Being a jewellery maker is part of my identity. From the first time I worked with silver and tools, I felt an elemental connection to the craft and the materials. There is very much a sense of being “in the moment” and escapism when you are creating jewellery. In moments when life is a bit chaotic, it is necessary to schedule in some making time, which is important for personal growth and as a form of meditation.
As a designer, where do you draw your inspiration from?
As mentioned previously, growing up in such a vibrant region as Southern Africa, the colours, culture and nature have subliminally been inspiring. I have lived in London for 20 years now, however, and the vibe, bustle, buildings old and new and of course the dynamic people who inhabit it are endless sources of inspiration.
For people who haven’t seen your work, could you describe your jewellery and the aesthetic of the types of things you like to make?
My designs have evolved rather a lot over the years. My most striking collections consisted of bold, statement costume jewellery made using vibrant suede and were designed to be worn by confident and sassy women making their own path in the world. I have now gone back to traditional jewellery making and work mostly on bespoke commission pieces in gold, silver and precious stones. I find this far more rewarding as it is less “fashion” orientated and more sentimental.
Why do you think engagement in the arts is important? What do you think the carers who take part in Create’s workshops get from creativity?
As discussed, there is definitely as sense of escapism when making and creating and it can allow the carers to transport themselves into a world beyond their daily lives. I can also give carers a way of expressing how they are feeling and give them ownership of something that is unique to them.
Do you think accessibility to the arts is an issue? What barriers make it difficult for adult carers to access the arts?
Many people find it hard to ask for help and may feel guilty for taking part in activities that take them away from caring. That is why carer organisations are vital local resources that can connect them to arts projects that they may not have been able to access.
How do you approach your creative:release workshops? How do you get the most out of the participants?
I try to teach the participants jewellery making skills that they can use to create “professional”, well finished pieces. This gives them a sense of achievement and pride as well as giving them a skill that they can inexpensively continue to use at home, either as a hobby or as a way of generating a little extra income for themselves or their communities.
Do you have memories of Create projects that particularly stand out for you?
Having had the pleasure of being involved in many projects with carers, I love seeing how their enthusiasm grows as they realise just what they can achieve. This has particularly been the case with the Newham adult carers who have been so responsive and came back for a second follow up project. I also saw a particularly good response when working with a group of mostly teenage boys, which is unusual as boys can be hard to reach. Whilst the group responded well to having access to metal working tools and copper, one participant evolved from a shy, quiet guy to the most chatty and enthusiastic maker in the space of a few hours. On the feedback form, he commented that we had got him to talk. That is the true power of creative expression.
What is it about working with Create that appeals to you?

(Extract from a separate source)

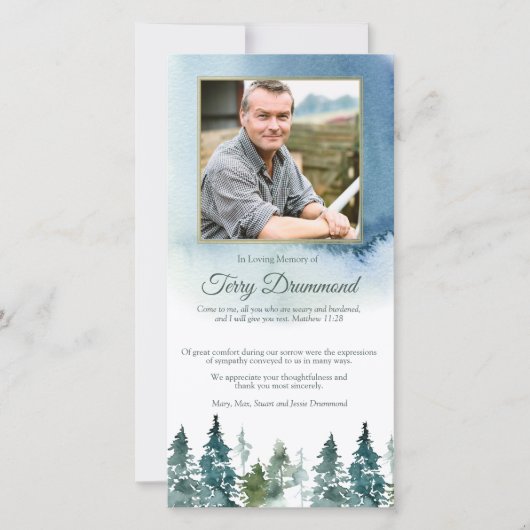 記念写真森葬式 サンキューカード (正面)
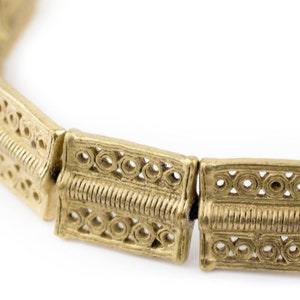 18 Circle-Pattern Rectangular Baule Brass Beads 24x20mm: Brass Baule Beads Baoule Beads Baule Tribal Beads Brass Trade Beads Big Brass Beads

You have a fantastic and organised team of project planners who are endlessly enthusiastic about all the groups and communities that you work with. You are also great at encouraging development and communication between the artists by running interactive sharing workshops that are always informative and fun. I have worked with Create for many years and hope to do so for many more.
Could you talk about any upcoming Create projects and what you’re most looking forward to?
Although we are yet to finalise plans for this project, I am particularly looking forward to working with carers in Kingston on designing and making fascinators and textiles jewellery pieces. I expect a riot of colour.
This article is from 2015.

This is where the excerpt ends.